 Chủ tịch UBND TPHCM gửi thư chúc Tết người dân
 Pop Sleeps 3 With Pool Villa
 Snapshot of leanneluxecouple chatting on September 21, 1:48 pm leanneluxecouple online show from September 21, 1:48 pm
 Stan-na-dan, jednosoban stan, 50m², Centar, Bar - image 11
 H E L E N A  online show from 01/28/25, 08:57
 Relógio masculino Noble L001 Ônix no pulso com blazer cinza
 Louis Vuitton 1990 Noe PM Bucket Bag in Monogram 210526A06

* * *

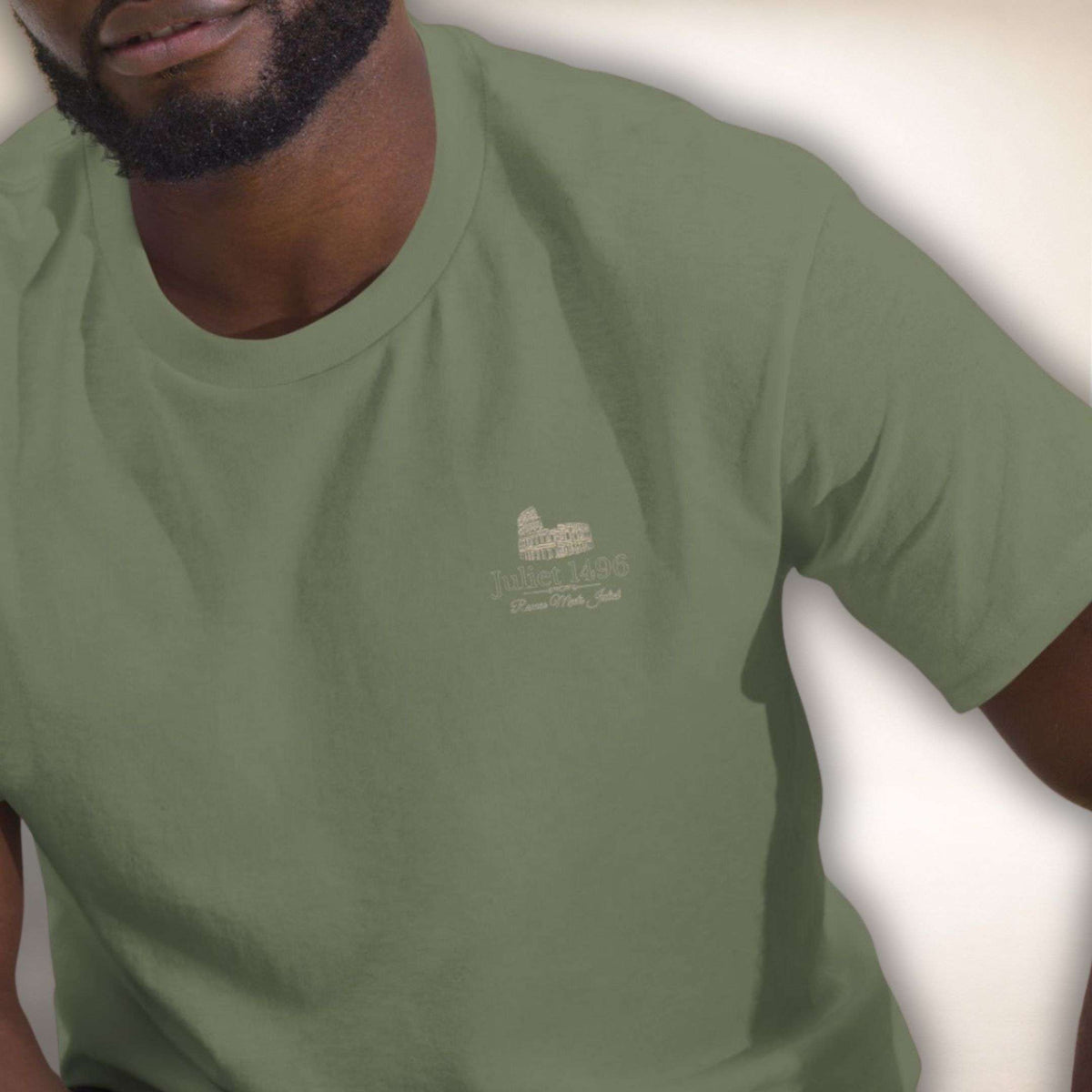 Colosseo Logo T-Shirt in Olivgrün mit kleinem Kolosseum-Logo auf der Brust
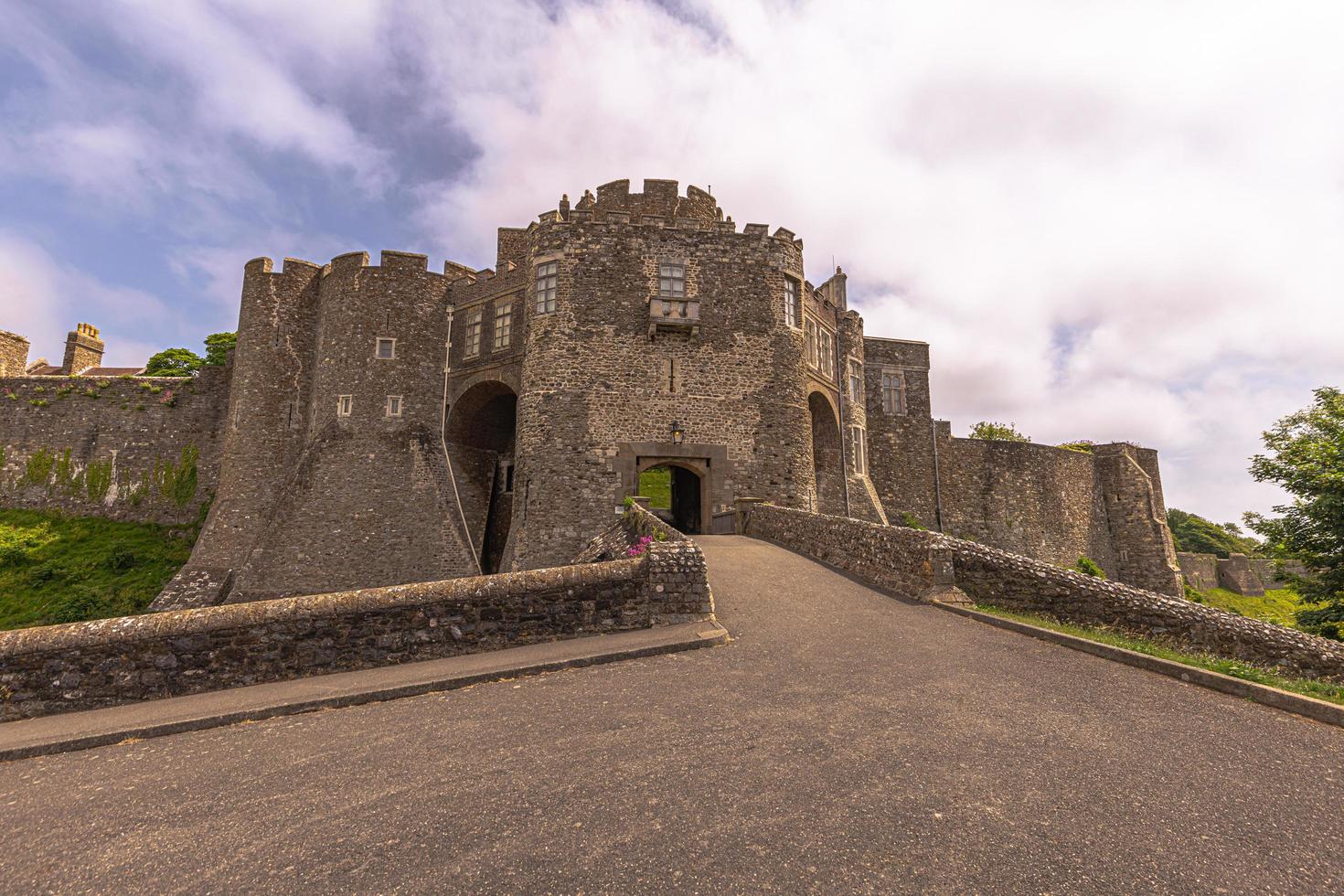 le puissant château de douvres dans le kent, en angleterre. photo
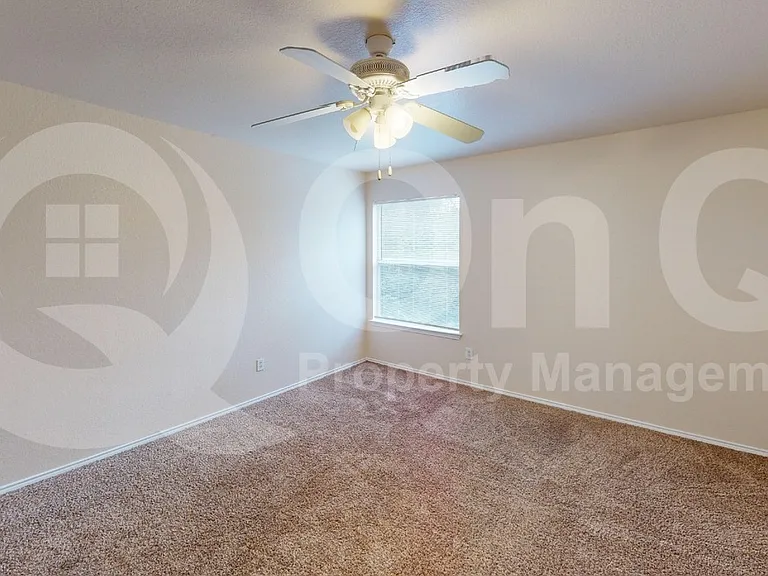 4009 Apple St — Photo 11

...

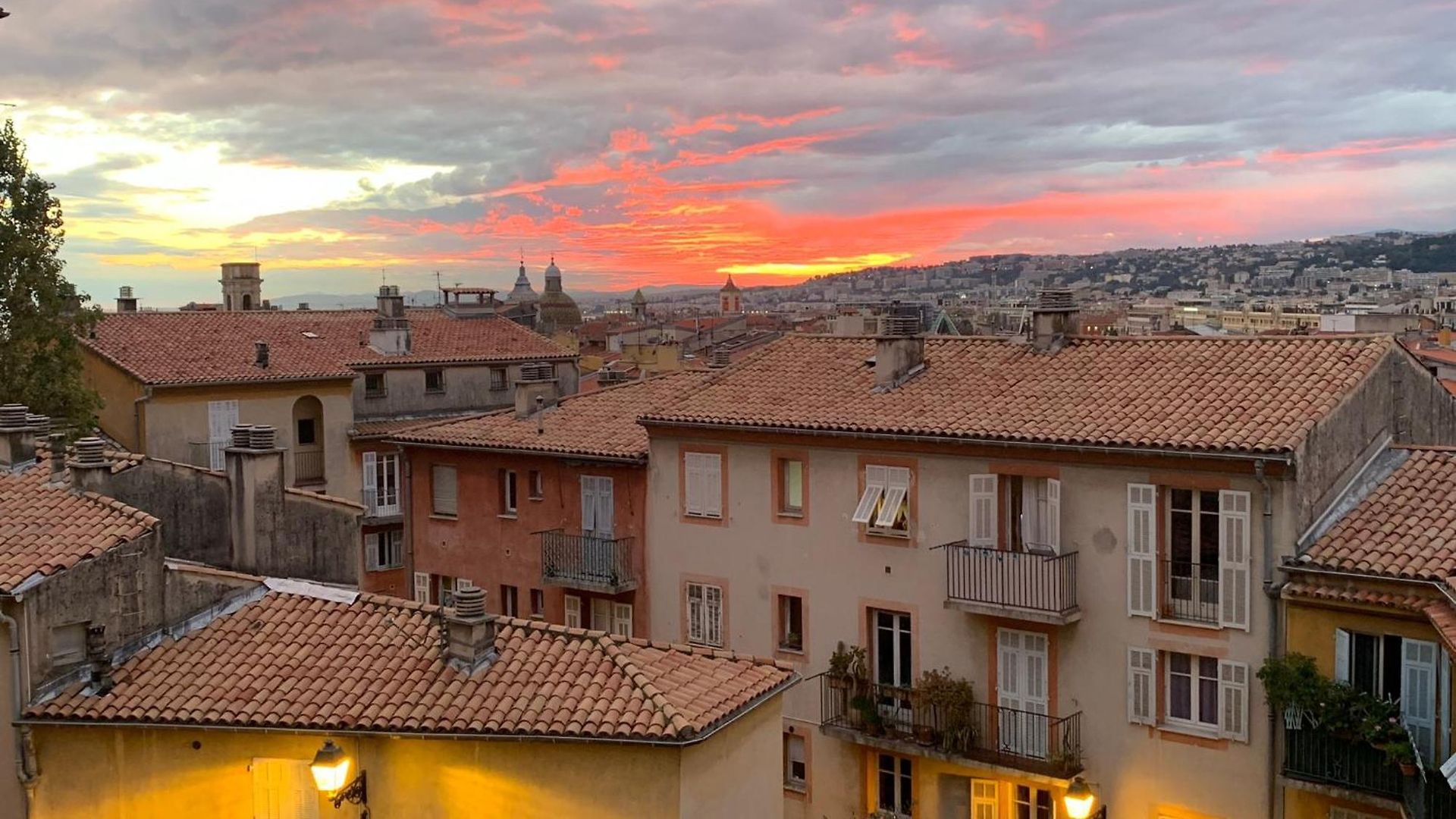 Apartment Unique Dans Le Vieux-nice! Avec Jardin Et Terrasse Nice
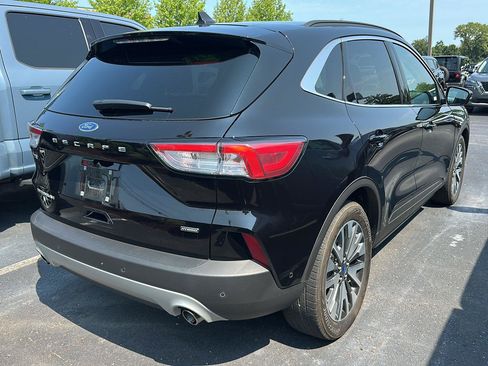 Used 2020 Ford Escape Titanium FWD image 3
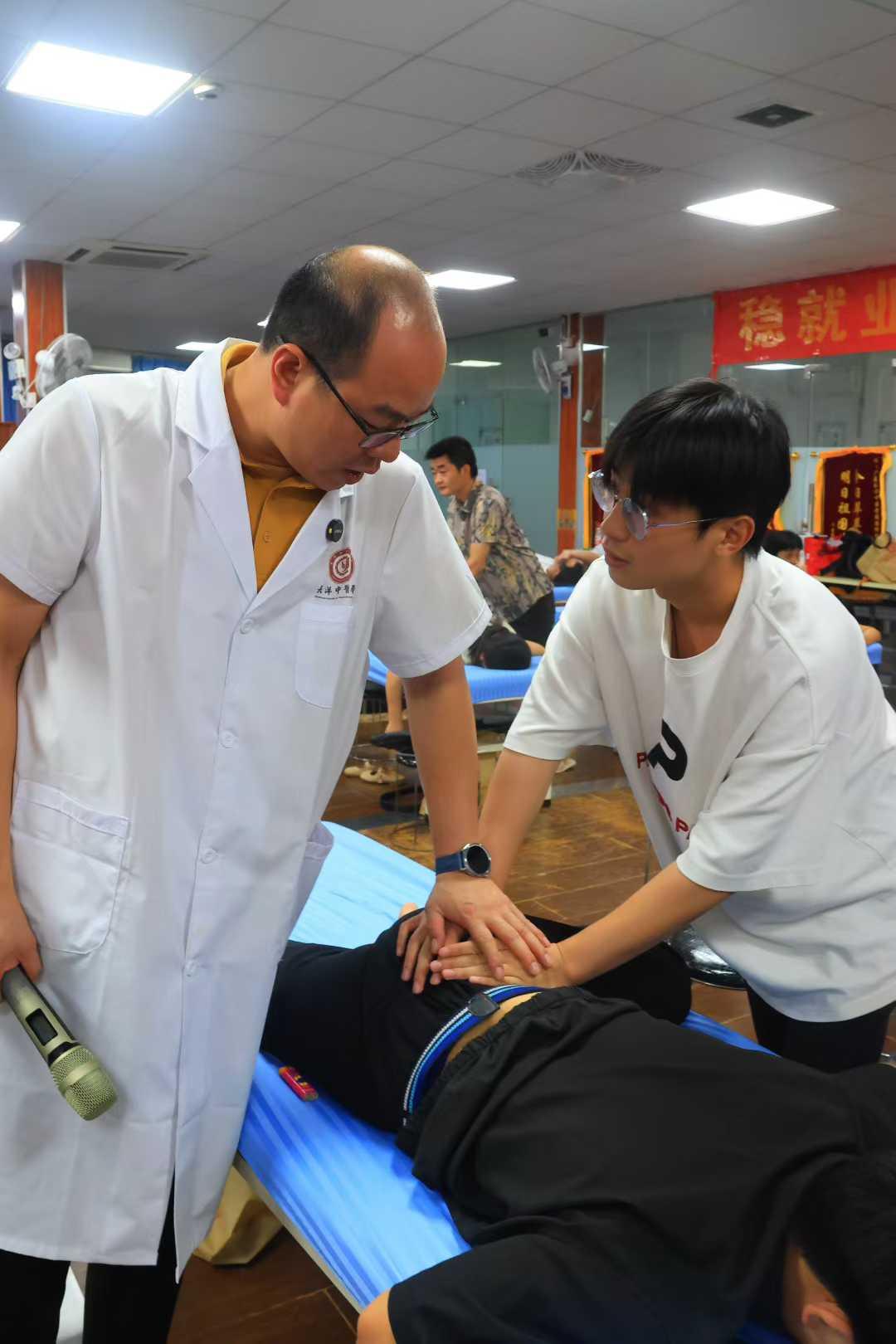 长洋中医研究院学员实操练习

> [Work to complete]: Copy exactly the stretch of data above from the line with "Snapshot of leanneluxecouple" through the line with "Louis Vuitton 1990", and omit all other lines.

> [Reply to the task]:
 Snapshot of leanneluxecouple chatting on September 21, 1:48 pm leanneluxecouple online show from September 21, 1:48 pm
 Stan-na-dan, jednosoban stan, 50m², Centar, Bar - image 11
 H E L E N A  online show from 01/28/25, 08:57
 Relógio masculino Noble L001 Ônix no pulso com blazer cinza
 Louis Vuitton 1990 Noe PM Bucket Bag in Monogram 210526A06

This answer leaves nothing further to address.